Image-caption web data:
*** Begin section ***

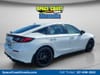 4 thumbnail image of  2026 Honda Civic Hatchback Sport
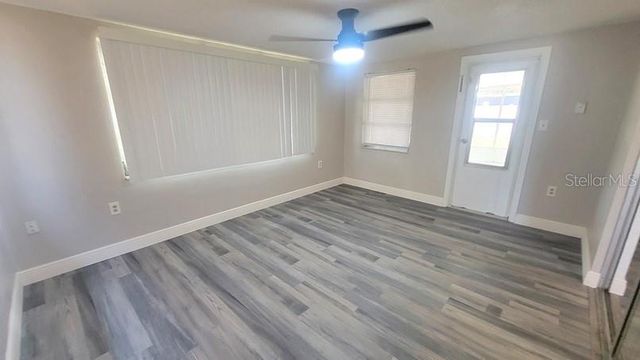 9202 SUFFOLK LANE, Port Richey, FL 34668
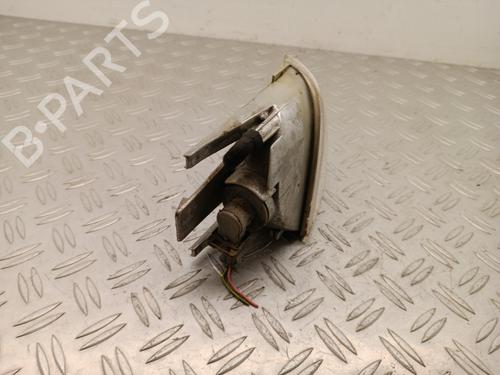 Used Right front indicator Right front indicator FIAT SCUDO Van (220_) 1.9 D (69 hp) 34310042 34310042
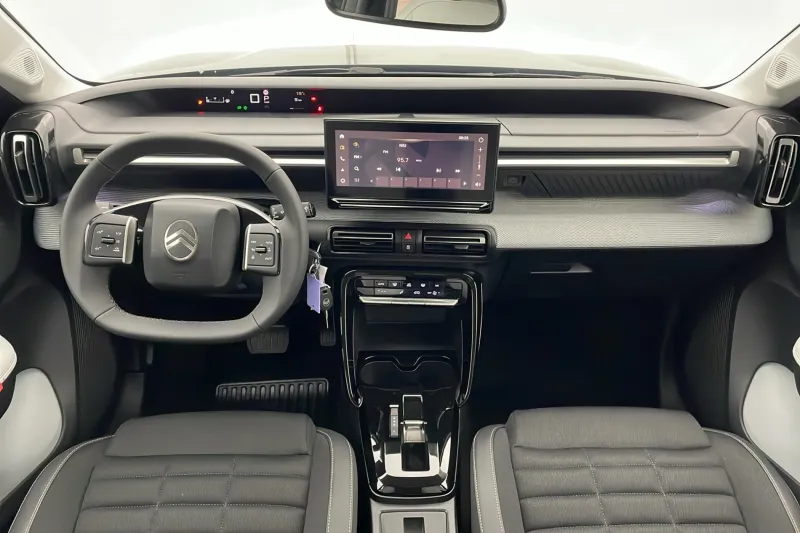 Image secondaire du véhicule 36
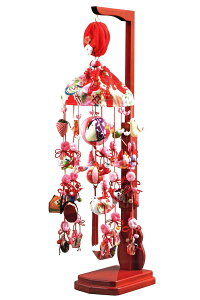 l` v ЂȐl`  邵 邵  IS[t]邵  ԓ X^ht y2026NxVz h073-k-fhs-127a D-126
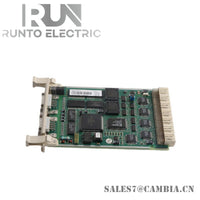 ABB PU516 3BSE013064R1 Engineering Board -PCI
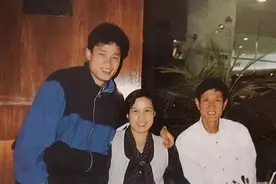 关于范志毅 您可能不知道的十件轶事图片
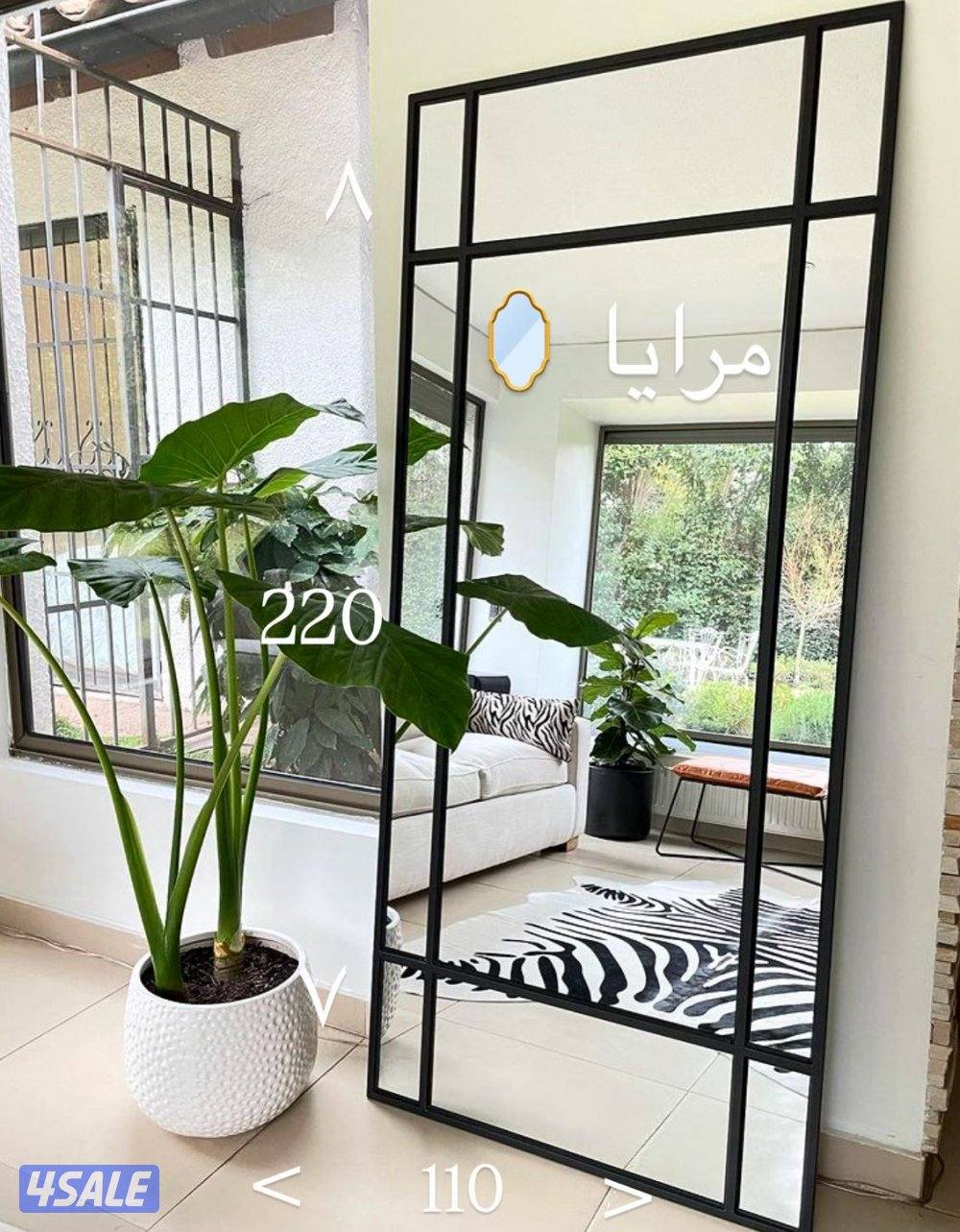 فني تركيب جميع انواع الزجاج و المرايا + جميع متعلقات الزجاج0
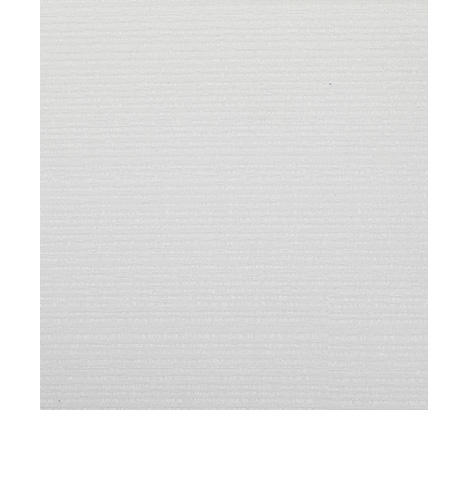 卷帘布窗帘布料(R2020)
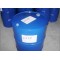 manufacturer -DOP 99.5% / Dioctyl Phthalate Plasticizer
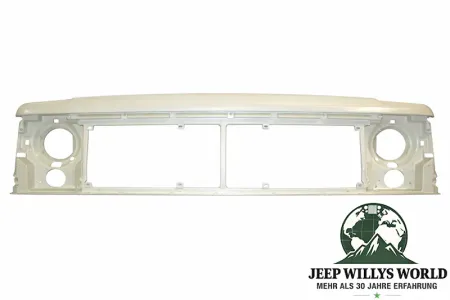 Frontmaske Jeep Cherokee 91-96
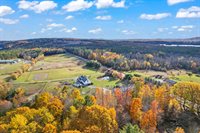 1588 Pond Road, Mount Vernon, ME 04352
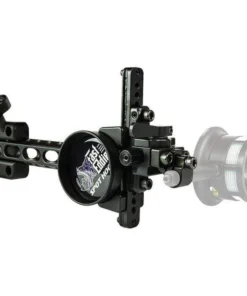 Spot Hogg Fast Eddie XL Base Only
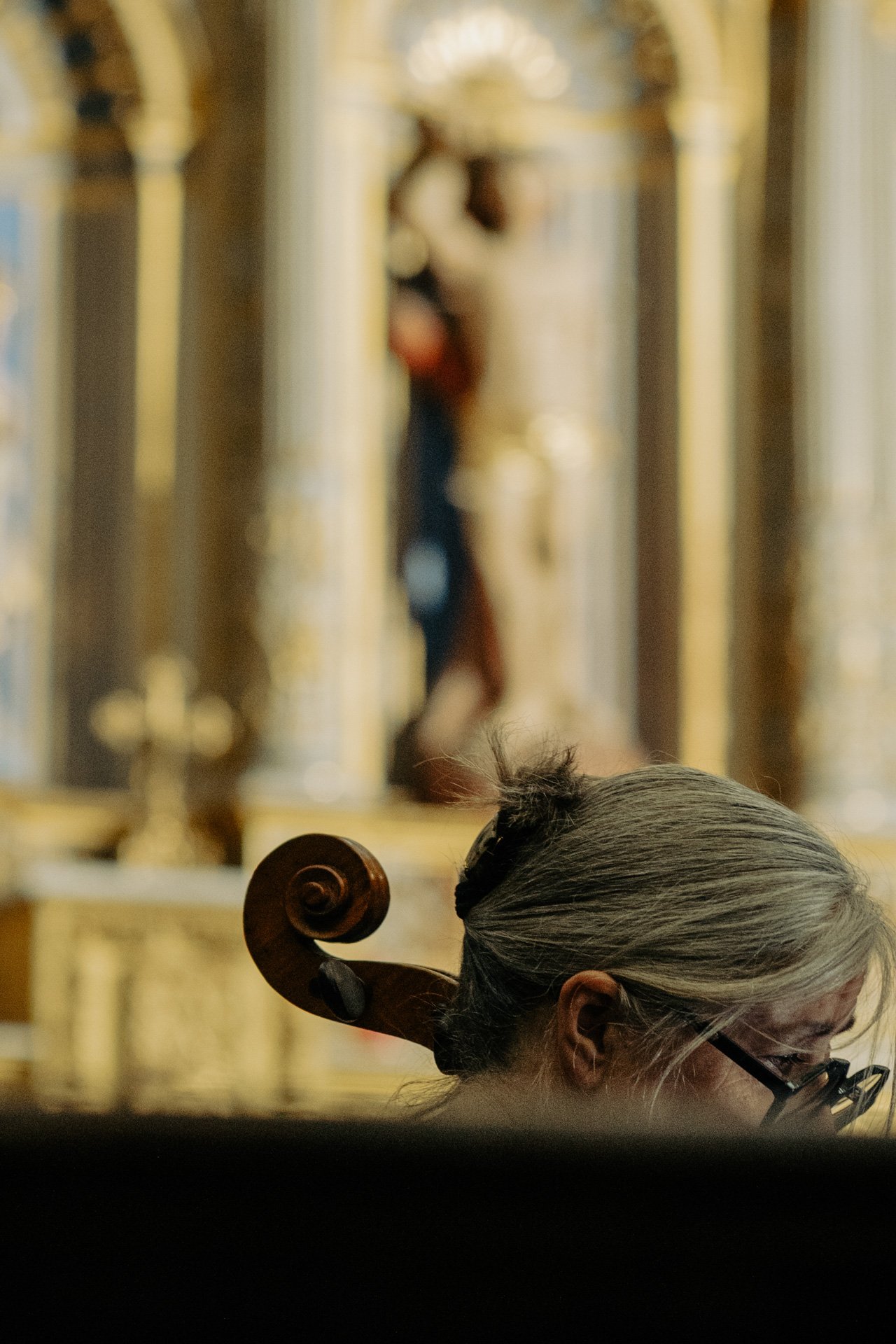 Concert_classique_Comminges_Toulouse-50.jpg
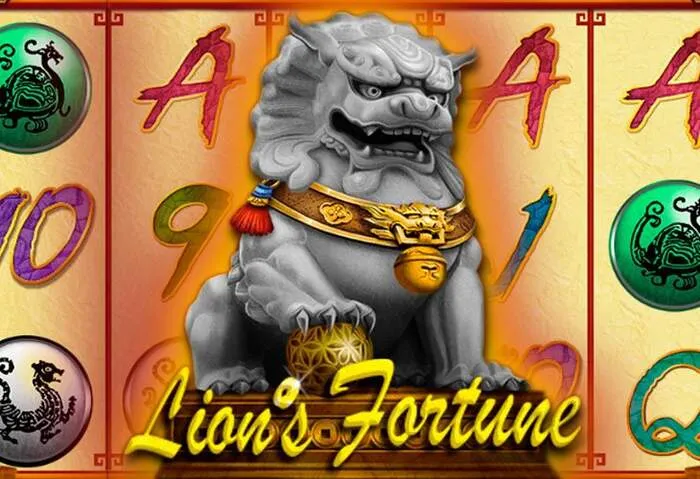 Logo officiel 888starzcasino Store pour les jeux de casino en ligne.
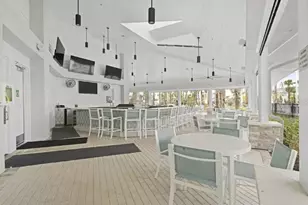 1145 Blue Is Dr, Clermont, FL 34714 - Photo 34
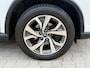 Citroën C4 Aircross HDI 4WD EXCLUSIVE 180PK * AIRCO NAVIGATIE PDC BT XENON 4X4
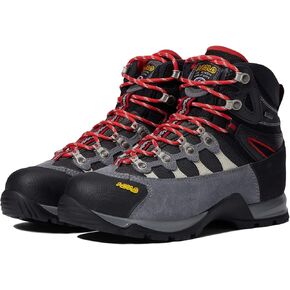 Asolo Stynger GTX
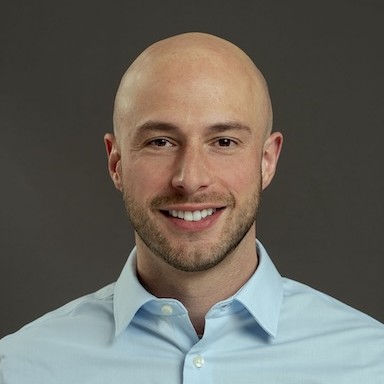 Daniel Siconolfi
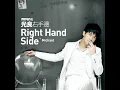 Right Hand Side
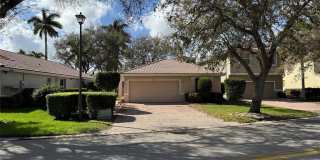 4925 NW 54th Ave Gallery 1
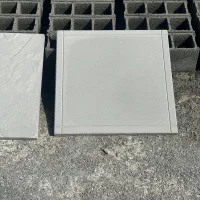 کارگر ساده موزاییک‌ سازی|استخدام معماری، عمران و ساختمانی|دماوند, دماوند|دیوار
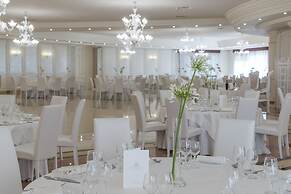 Grand Hotel Biffy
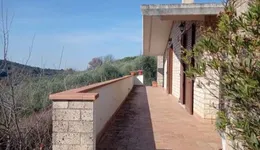 Aste giudiziarie immobiliari online - 10.0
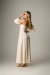 Imagem do Vestido Luiza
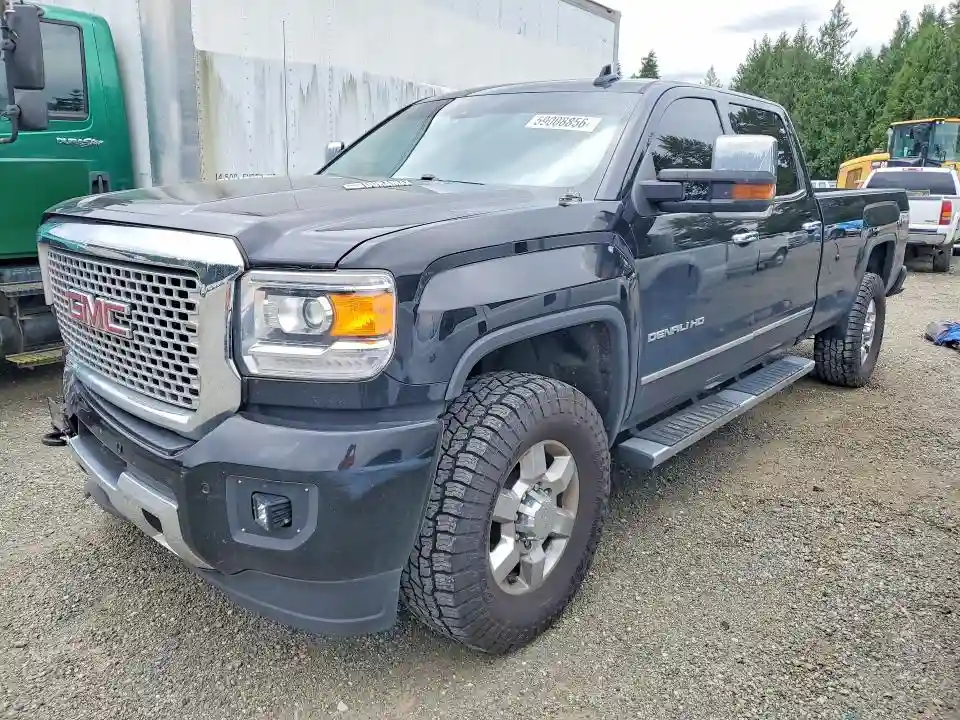 1GT42YE87GF230859 2016 GMC SIERRA-0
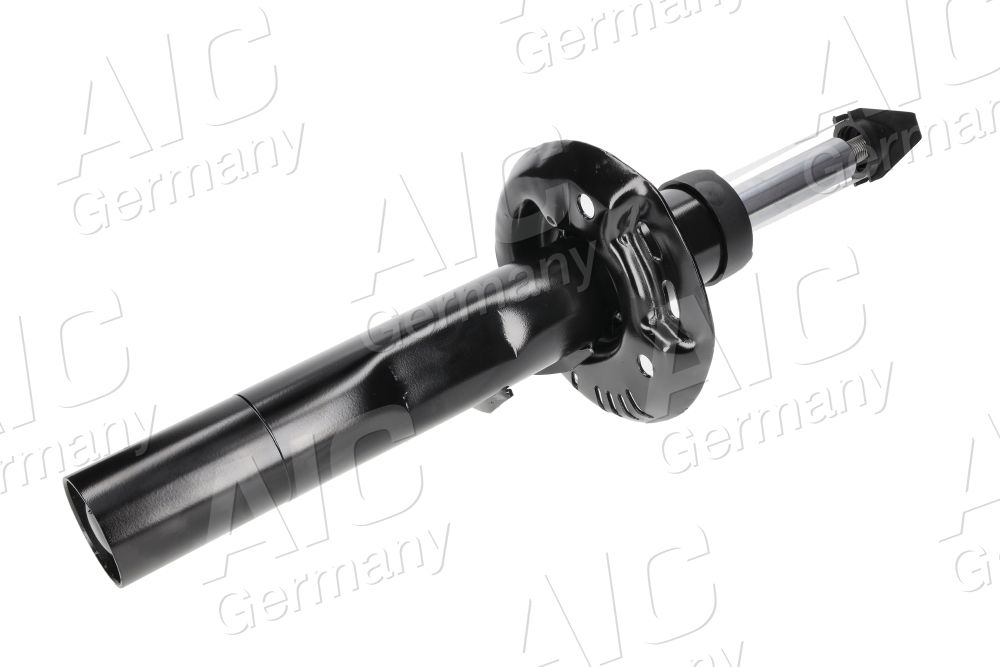 Sto&szlig;d&auml;mpfer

*** End section ***

Only the lines above from the one with "卷帘布窗帘布料(R2020)" to the one with "Grand Hotel Biffy" should be printed, both included and exactly as written; no picture belongs in the copy.

 卷帘布窗帘布料(R2020)
 manufacturer -DOP 99.5% / Dioctyl Phthalate Plasticizer
 Frontmaske Jeep Cherokee 91-96
 1588 Pond Road, Mount Vernon, ME 04352
 Spot Hogg Fast Eddie XL Base Only
 Concert_classique_Comminges_Toulouse-50.jpg
 Logo officiel 888starzcasino Store pour les jeux de casino en ligne.
 1145 Blue Is Dr, Clermont, FL 34714 - Photo 34
 Citroën C4 Aircross HDI 4WD EXCLUSIVE 180PK * AIRCO NAVIGATIE PDC BT XENON 4X4
 Asolo Stynger GTX
 Daniel Siconolfi
 Right Hand Side
 4925 NW 54th Ave Gallery 1
 کارگر ساده موزاییک‌ سازی|استخدام معماری، عمران و ساختمانی|دماوند, دماوند|دیوار
 Grand Hotel Biffy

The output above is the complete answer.